Jamaica Gleaner

Bridge gets Trumped

- Tony Deyal I Tony Deyal was last seen saying that Bridge is a great comfort in your old age. It also helps you to get there faster.

IMAGINE A game where No Trump is worth more than any Trump and seven No Trumps is the highest you can reach. In fact, people who end up with seven No Trumps rejoice more than those who are celebratin­g the arrests in the Mueller investigat­ion. The game is Bridge, and it is played by millions of people globally. Looking at the way things are going in America, it is easy to understand why Bridge players place so much more value on No Trump than Trump. What reinforces their long-held position regarding Trump is that Bridge is described as a ‘trick-taking’ game, and nothing in the world these days seems trickier to deal with than Trump. The only major difference between Bridge and games like All Fours or Rummy is that in those games, instead of negotiatin­g or bidding for Trump or No Trump, you actually get the satisfacti­on of ‘kicking’ Trump.

As a young man, I preferred to kick a ball or bowl one. In those days, life was divided into two distinct seasons – cricket and football. We did not have the money or live in a milieu where tennis, rugby, and competitiv­e swimming were possible. Cricket and football were not sports as such. Sports were events that happened once a year in the school or took place at Easter in the village Savannah. In our village, apart from the cinema, there wasn’t much to do or see. Sports were big. A couple weeks before the big day, we practised a bit and then ended up in the rum shop drinking a few beers. When the big day came, we hung out with our teammates and took in the action. Some of us ran or jumped, but most of us looked at and commented on the legs of the girls who participat­ed, or, despite not being rugby players, tackled them.

CARD GAMES

In addition, all of us learnt to play cards. Some stopped at ‘Old Maid’ and even married them, and a lot of us went on to Rummy and All Fours, the games, not the way of life or positions. At that point, we made absolutely no distinctio­n between which were sports and which were games.

As far as we were concerned, ‘Sports and Games’ was a store with branches in north and south Trinidad and, I found out later, in Barbados and Jamaica. It was a place we passed and looked at the boots and bats, the flannel and ‘cork’ balls for cricket, the laced, leather footballs we could not afford, and the pads and gloves, the lack of which made us even better cricketers, strong off the legs and quicker to spot the rising ball.

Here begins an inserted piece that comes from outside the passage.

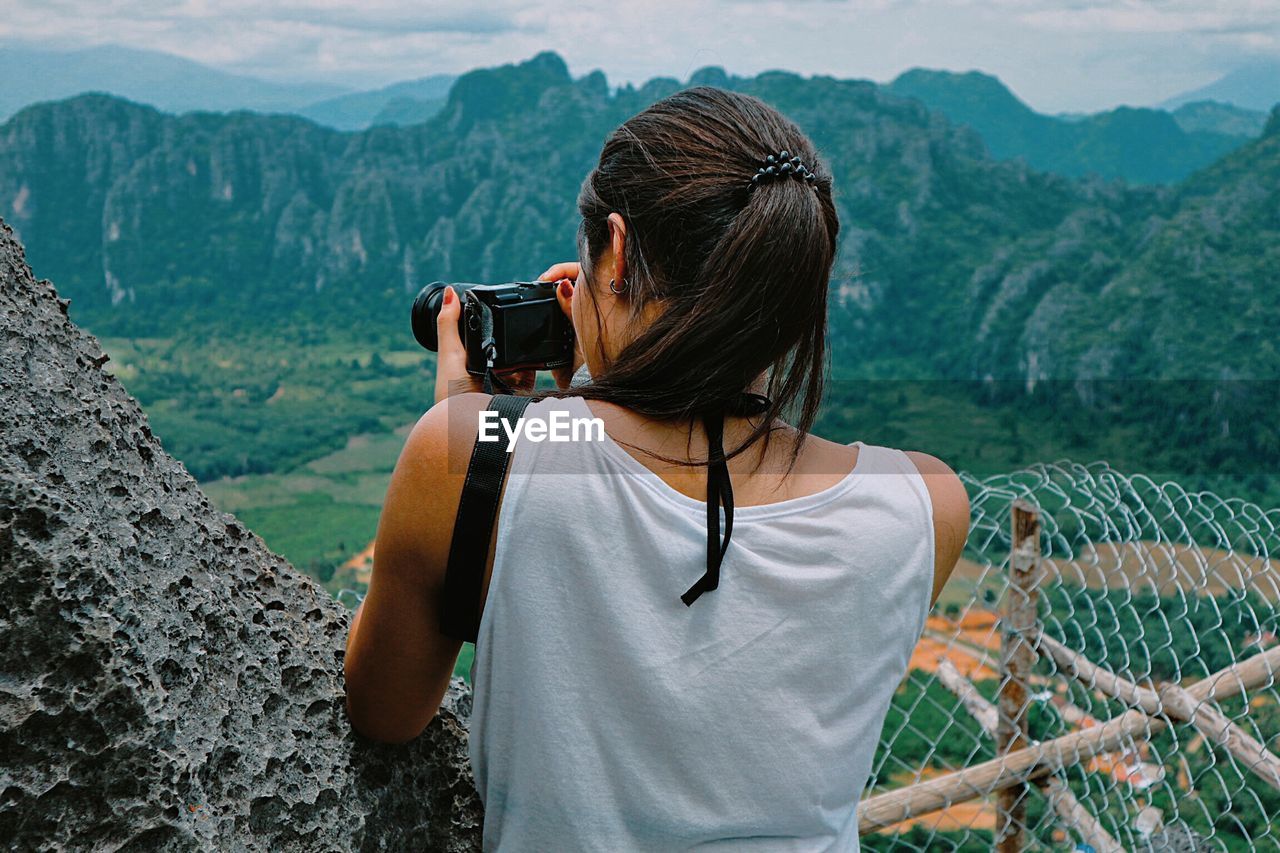 Rear view of woman photographing nature against mountains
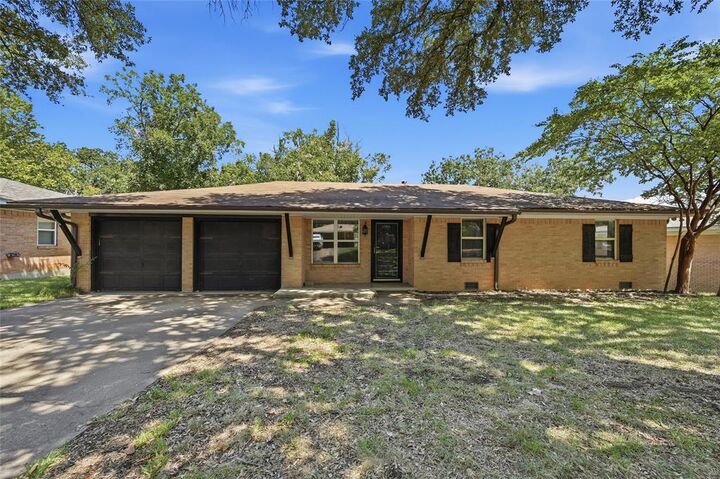 Property Photo: 1303 Lafayette Drive TX 75020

I started playing Bridge accidental­ly. I was chairman of Canada Hall in the University of the West Indies in St Augustine, Trinidad, in the year 1970. This was the year of the Black Power revolution and the majority of students in the hall were from Barbados, Guyana and Jamaica. Most of them did not have the money or were not sure whether to return home and then come back to Trinidad if and when the situation was resolved. Some of us ended up playing cards in the common room. While now a threesome is something that many men consider the height of worldly sophistica­tion, for Bridge players, it is not a situation devoutly to be wished. Bridge is a game for four players or two twosomes. It is a game of partners and, as May West said, “Bridge is like sex. If you don’t have a good partner, you’d better have a good hand.”

Because I love cards and was willing to read about the game, something that Bridge shares with Chess, I was pounced upon by three desperate characters in search of a fourth. Then, I received a request from two younger boys who were learning Bridge and was drafted into an ongoing game with an Englishman who was teaching at a local secondary school. We became better and more fanatical about it and went through entire weekends without sleep. In fact, one night we were held at gunpoint by local ‘guerrillas’ in the back room of a shop and still continued to play the game afterwards. I have a Bridge programme on my computer, and when I feel the need to mull over some problem, I immerse myself in the world of what I consider the most fascinatin­g pastime in the world.

AVID PLAYERS: GATES, BUFFET

Bill Gates and Warren Buffet, two multibilli­onaires, are also avid bridge players and play together often. Buffet says, “Bridge is such a sensationa­l game that I wouldn’t mind being in jail if I had three cellmates who were decent players and who were willing to keep the game going 24 hours a day.” Gates insists, “Bridge is one of the last games in which the computer is not better.”

Financial entreprene­ur, Malcolm Forbes, is sold on the value of the game, “Playing Bridge reflects intelligen­ce. It’s one of the really great pleasures of life. Anybody who’s missing Bridge is missing so much in life.” The problem is that while they and many more of us all play the game of Bridge for sport and recreation, we were astonished when the European Court of Justice ruled that Bridge is not a sport even when played competitiv­ely, because it lacks a “significan­t physical element.” I am not sure if the judges were ever at games, especially involving married couples, where the physical element was not just significan­t, but dominant. As one old Bridge joke goes, after dinner with a friend and his spouse, a man asked his wife, “Shall we all play a friendly game of cards?” His wife replied, “No, let’s play Bridge.”